*** Data for processing ***
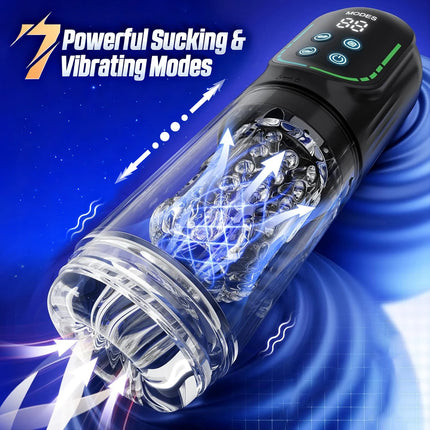 IPX7 LED Automatic Male Masturbator Cup 7 Sucking Rotating Licking Thusting Modes Pocket Pussy Stroker Blowjob Sex Toys For Men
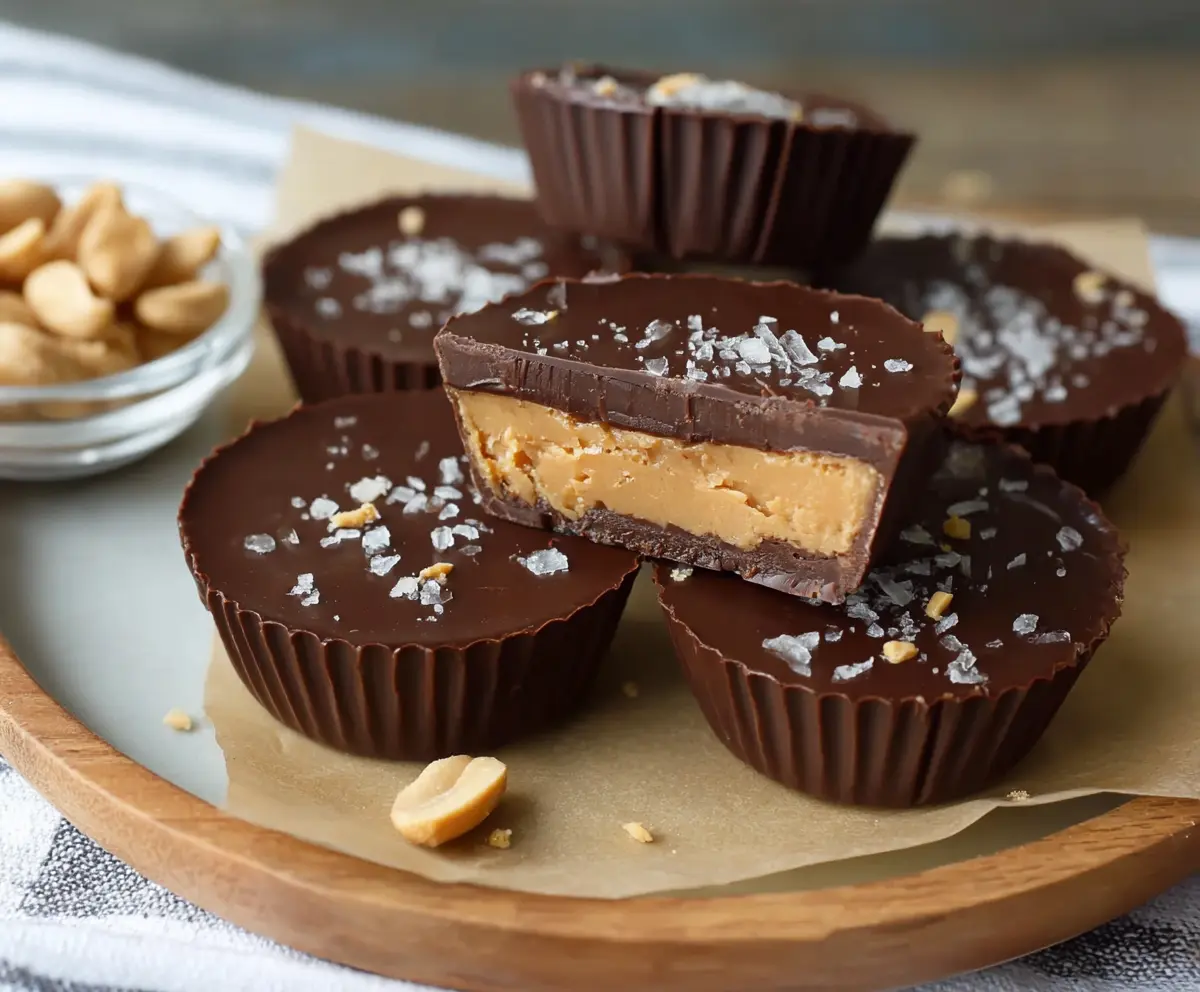 Delicious Cottage Cheese Peanut Butter Cups on a plate, showcasing a creamy and nutty snack treat.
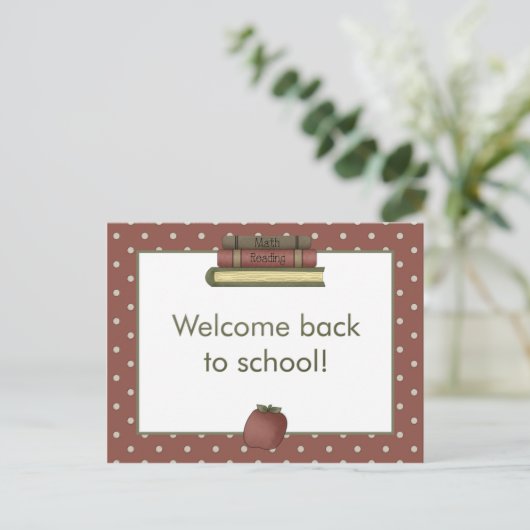 Apple and Book Welcome Back to School Postcard Postkarte (Stehend Vorderseite)
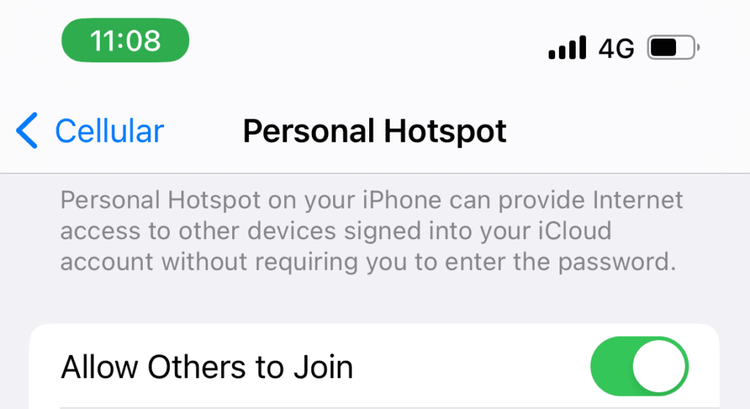 green box behind the time when other people join your personal hotspot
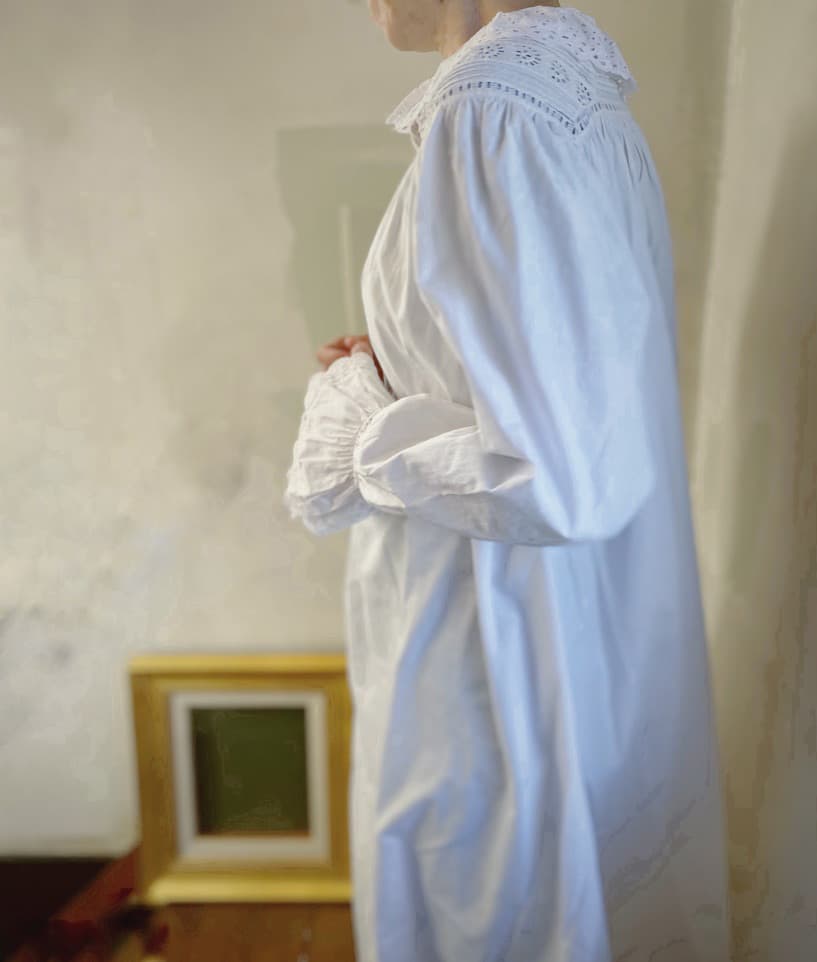 アンティークレースワンピース レース襟ワンピース ナイトガウン 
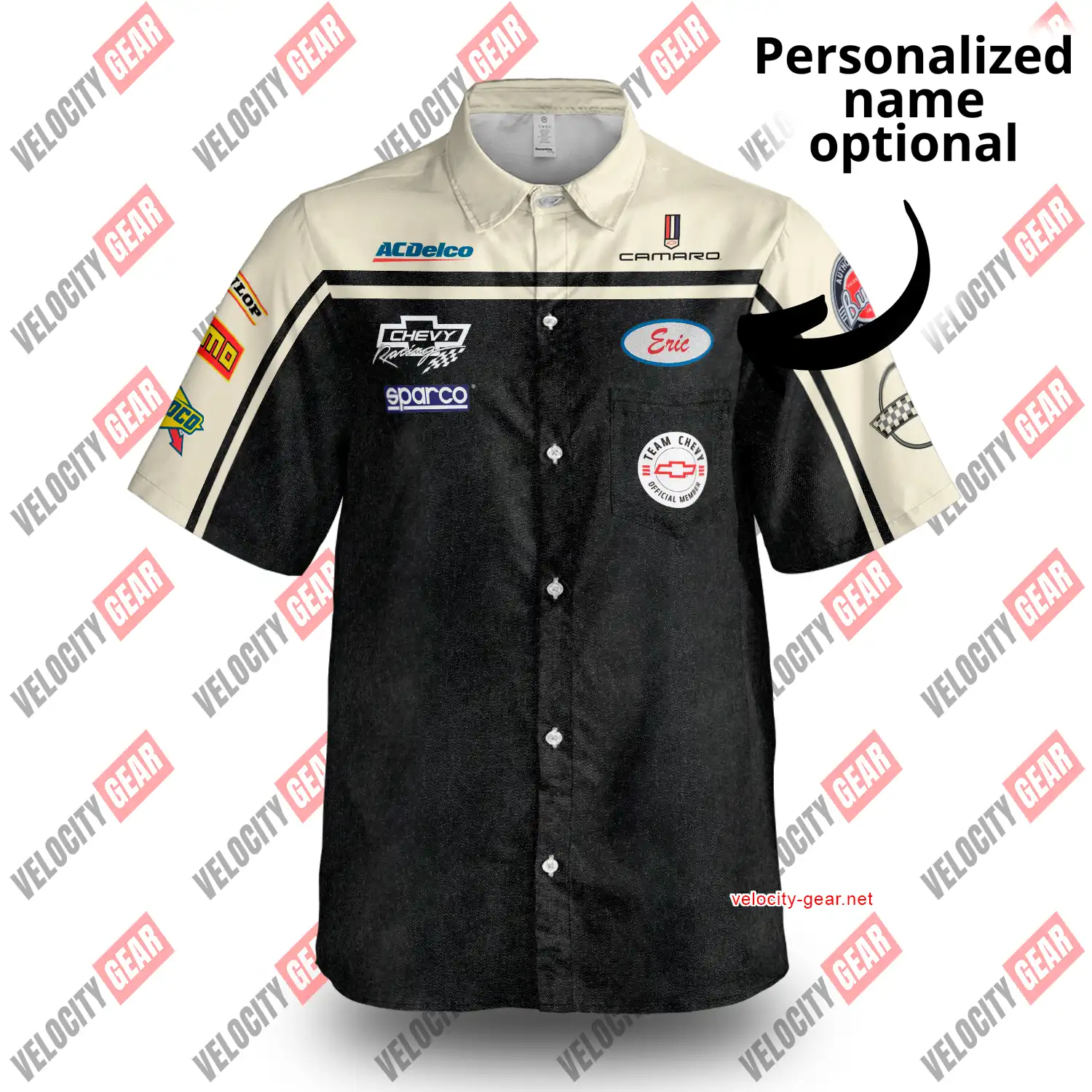 Chevy Mechanic Style Shirt – Creme & Grey Denim Simulation Pit Crew Button Down gallery 2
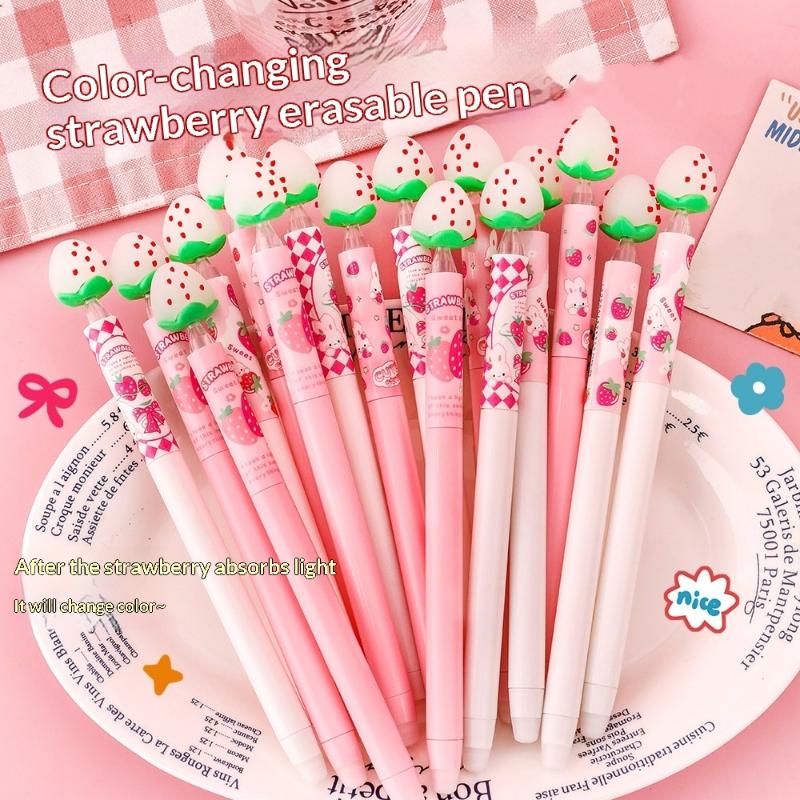 Strawberry Design Erasable Gel - đánh giá và giá Gel Ink Pen Set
*** End of Data for processing ***
> [Prompt]:
When you copy the records above, keep every word exact and drop the pictures.

> [Solved problem]:
 IPX7 LED Automatic Male Masturbator Cup 7 Sucking Rotating Licking Thusting Modes Pocket Pussy Stroker Blowjob Sex Toys For Men
 Delicious Cottage Cheese Peanut Butter Cups on a plate, showcasing a creamy and nutty snack treat.
 Apple and Book Welcome Back to School Postcard Postkarte (Stehend Vorderseite)
 green box behind the time when other people join your personal hotspot
 アンティークレースワンピース レース襟ワンピース ナイトガウン 
 Chevy Mechanic Style Shirt – Creme & Grey Denim Simulation Pit Crew Button Down gallery 2
 Strawberry Design Erasable Gel - đánh giá và giá Gel Ink Pen Set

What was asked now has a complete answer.